Переезд (СИ) - Волков Тим
— А ты чего кислый-то такой, Сергей Сергеич?
— Дела, — отмахнулся Гладилин. — Этот еще латыш, понимаешь… Да вы, думаю, в курсе. Озолс под меня копает… а, впрочем — под всех! Аглаю арестовал, Гробовского отстранил от службы. Субботина вообще услал за болота — подавлять кулацкий мятеж. Хотя, какой там, к черту, мятеж… так, мужички пошумели по-пьяни.
— А с милицией как? — поинтересовался Иван Палыч. — Красникова не отстранили еще?
— Да пока работает, — председатель уисполкома хмыкнул и покачал головой. Худощавый, с узким лицом и интеллигентской бородкою, он нынче выглядел осунувшимся и усталым. — Лаврентьев с Деньковым тоже пока на месте. А вот Гробовского Озолс бы тоже арестовал, да Феликса Эдмундовича побоялся. Как и товарища Семашко!
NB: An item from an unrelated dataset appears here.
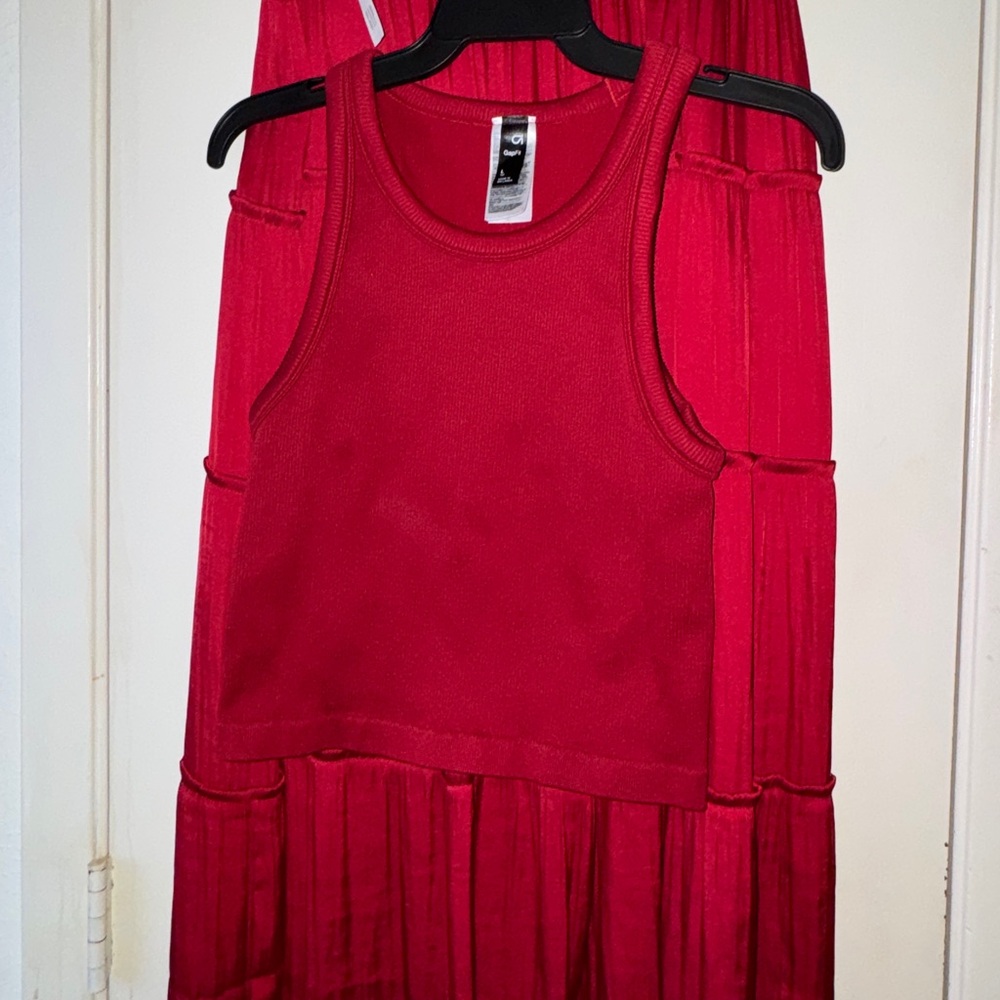 GAP Red maxi skirt with tags & red tank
Однако, что в больницах творит… Говорят, под пытками показания выбивает!
— Вот же сволочь! — выругался доктор. — И что, что-нибудь накопал?
— Если бы! — Сергей Сергеевич желчно прищурился и вытащил из портсигара папироску. — Деятельность развил бурную, людей похватал — а толку? Нет, чтоб на местных, на нас, опираться, так ведь… Э-э, что говорить! Чужаки есть чужаки — кто им чего расскажет? Тем более — латышам. Они и по-русски то многие — через пень колоду.
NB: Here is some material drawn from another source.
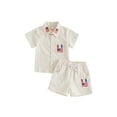 thumbnail image 1 of Loicainy Baby Boy Flag Outfit 4th of July Loose Fit Button Down Shirt  Shorts Set Patriotic Toddler Independence Day Clothes 6 12 18 24 Months 2T 3T 4T, 1 of 9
Чиркнув спичкой, Гладилин рассеянно закурил и тут же, спохватившись, предложил папиросы гостям:
— Угощайтесь, товарищи… кто курит.
— Да у нас свои, — рассмеялся Михаил Петрович. — Привет тебе, кстати, от Владимира Ильича. И от Феликса тоже.
— Спасибо, хоть не забывают, — председатель выпустил дым. — Иначе б черт этот латышский сожрал бы давно! И так краев не видит, работает грубо… как в царской охранке!
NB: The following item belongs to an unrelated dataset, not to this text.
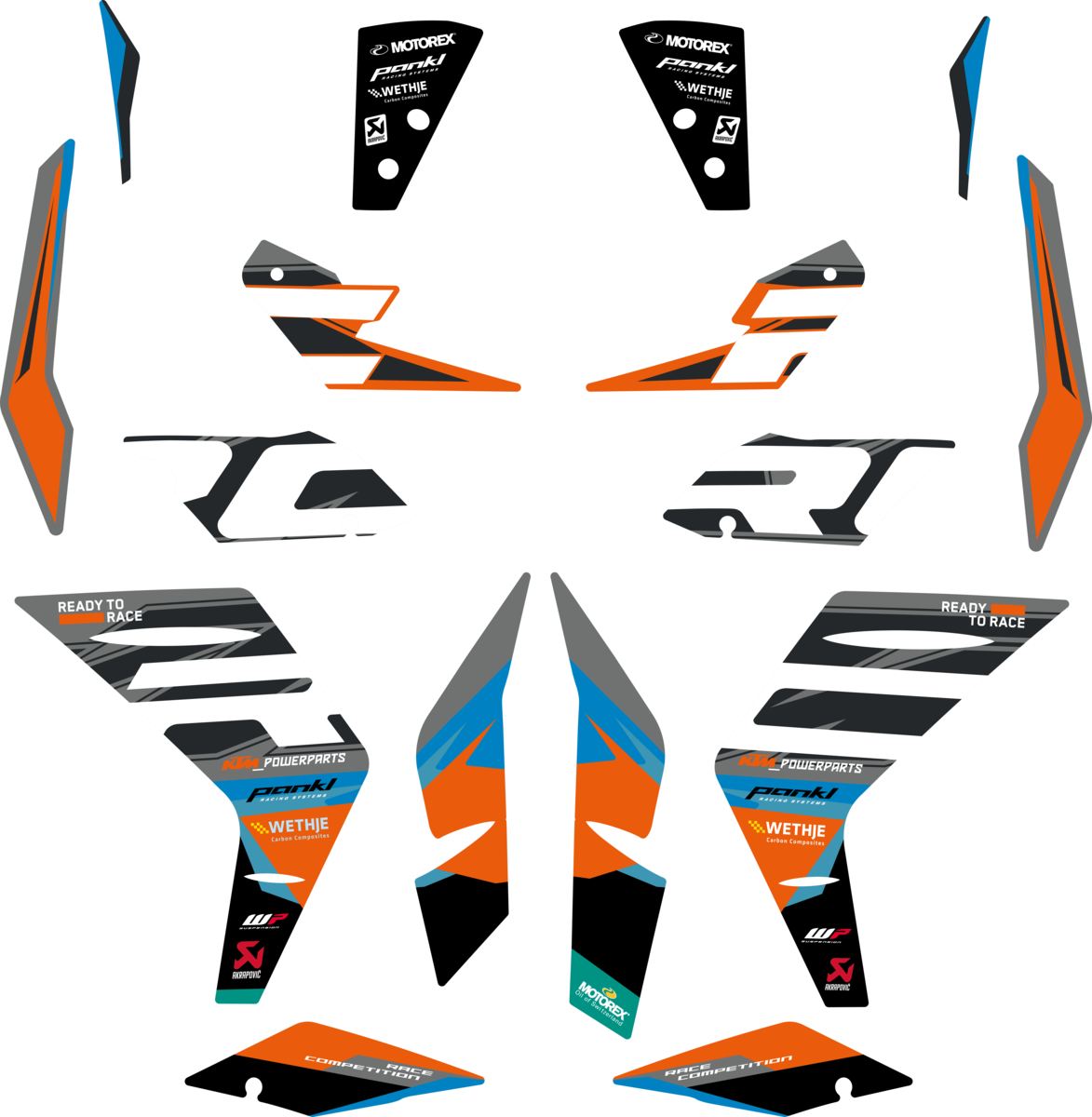 KTM Factory graphics kit – 94508999000 – KTM part 94508999000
— Вот! — закурив за компанию, встрепенулся Бурдаков. — Вот, правильно ты сказал, Сергей Сергеевич! Как в охранке. Не наши, не советские методы. Это мы запомним, запишем… А методы-то как я понял, результата пока что не дали?
Гладилин неожиданно хохотнул:
— Мало того, что не дали… Мне Красников по секрету сказал — у них и изъятые документы сгорели! Гулеванили с девками… от буржуйки в кабинет пожар и… А я вот думаю — кто-то поджог! Озолс, кстати, девок тех ищет.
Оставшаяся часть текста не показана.